== GIVEN ENTRIES ==

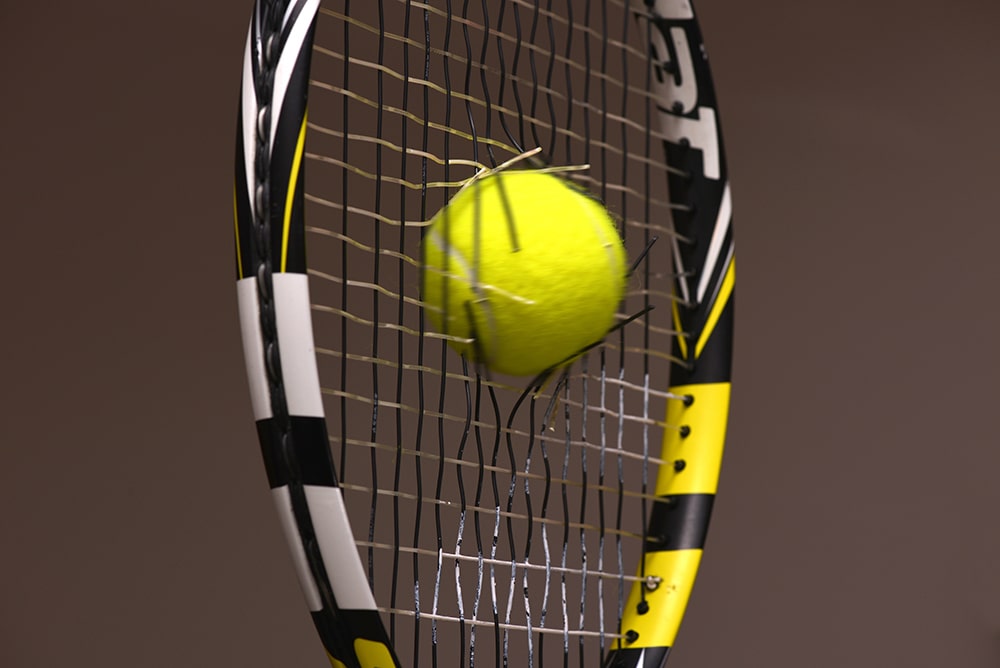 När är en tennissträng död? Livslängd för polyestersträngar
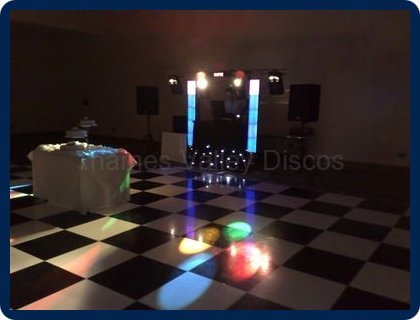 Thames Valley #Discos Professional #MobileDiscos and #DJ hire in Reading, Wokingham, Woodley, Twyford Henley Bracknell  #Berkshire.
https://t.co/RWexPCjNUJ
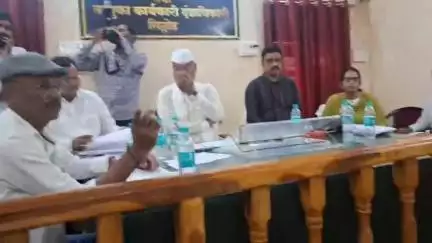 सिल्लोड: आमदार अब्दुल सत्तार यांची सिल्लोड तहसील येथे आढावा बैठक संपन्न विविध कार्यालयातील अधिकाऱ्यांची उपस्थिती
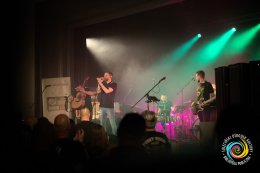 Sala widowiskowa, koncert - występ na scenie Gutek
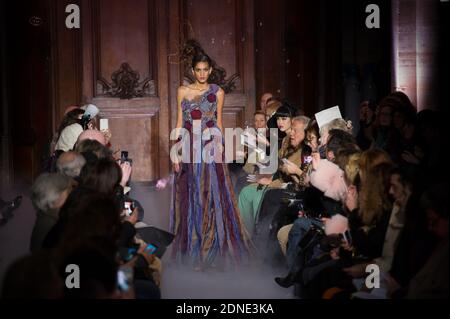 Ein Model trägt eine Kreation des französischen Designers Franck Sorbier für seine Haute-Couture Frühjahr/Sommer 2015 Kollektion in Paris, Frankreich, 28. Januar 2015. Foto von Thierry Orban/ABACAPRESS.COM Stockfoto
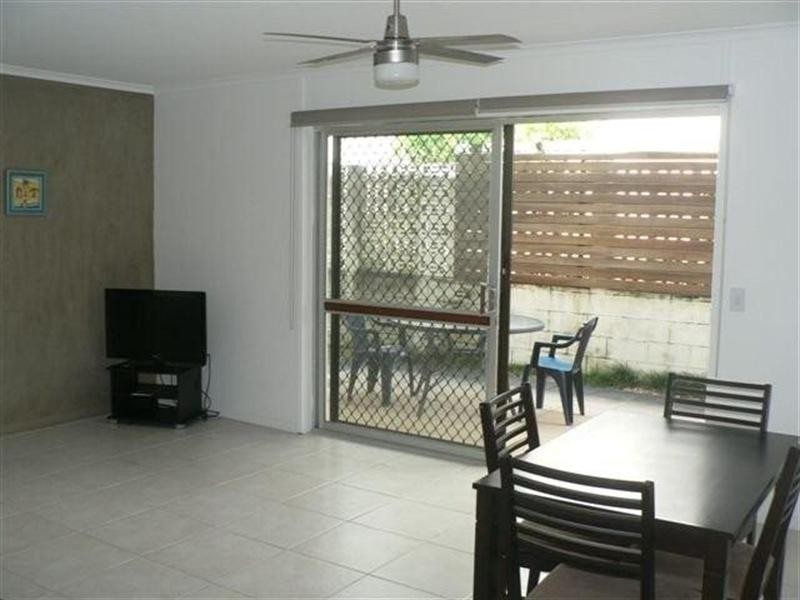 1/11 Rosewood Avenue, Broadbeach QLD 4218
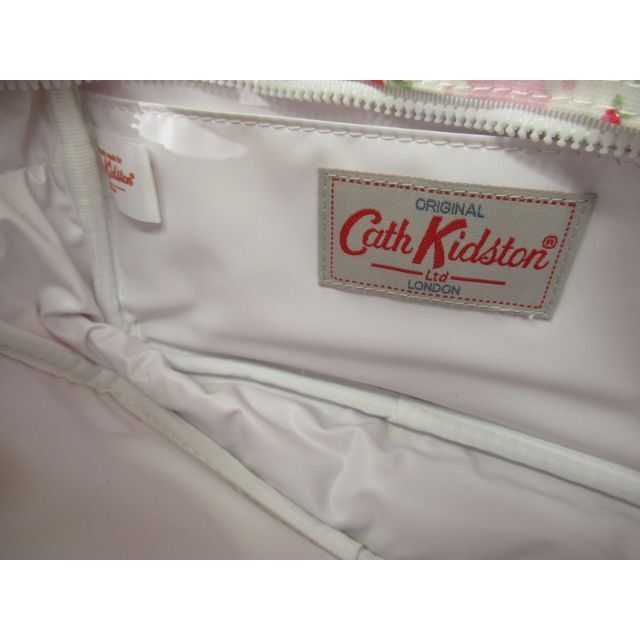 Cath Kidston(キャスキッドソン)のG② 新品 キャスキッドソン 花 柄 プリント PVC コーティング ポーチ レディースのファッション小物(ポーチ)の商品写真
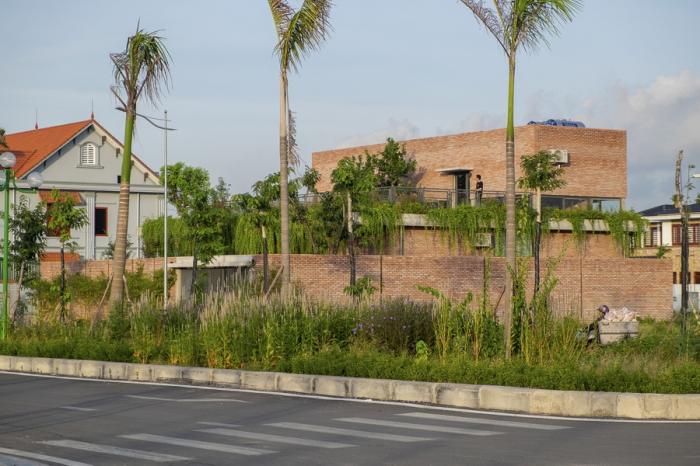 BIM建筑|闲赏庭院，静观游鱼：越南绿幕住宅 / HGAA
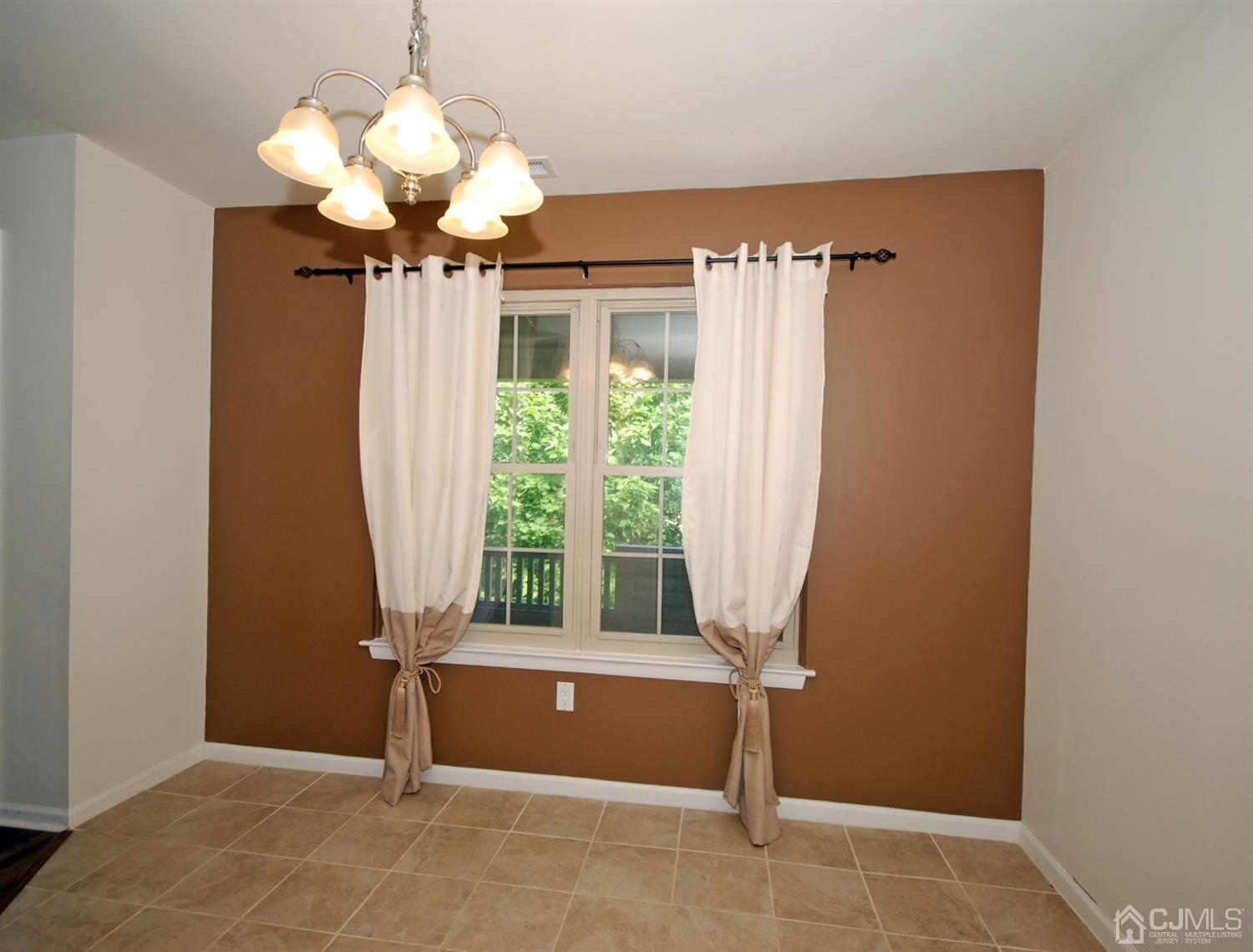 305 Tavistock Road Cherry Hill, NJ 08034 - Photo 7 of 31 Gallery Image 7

===

EXERCISE REQUIREMENTS: Once the pictures are set aside, write out each record exactly.

SOLUTION TO THE EXERCISE:
 När är en tennissträng död? Livslängd för polyestersträngar
 Thames Valley #Discos Professional #MobileDiscos and #DJ hire in Reading, Wokingham, Woodley, Twyford Henley Bracknell  #Berkshire.
https://t.co/RWexPCjNUJ
 सिल्लोड: आमदार अब्दुल सत्तार यांची सिल्लोड तहसील येथे आढावा बैठक संपन्न विविध कार्यालयातील अधिकाऱ्यांची उपस्थिती
 Sala widowiskowa, koncert - występ na scenie Gutek
 Ein Model trägt eine Kreation des französischen Designers Franck Sorbier für seine Haute-Couture Frühjahr/Sommer 2015 Kollektion in Paris, Frankreich, 28. Januar 2015. Foto von Thierry Orban/ABACAPRESS.COM Stockfoto
 1/11 Rosewood Avenue, Broadbeach QLD 4218
 Cath Kidston(キャスキッドソン)のG② 新品 キャスキッドソン 花 柄 プリント PVC コーティング ポーチ レディースのファッション小物(ポーチ)の商品写真
 BIM建筑|闲赏庭院，静观游鱼：越南绿幕住宅 / HGAA
 305 Tavistock Road Cherry Hill, NJ 08034 - Photo 7 of 31 Gallery Image 7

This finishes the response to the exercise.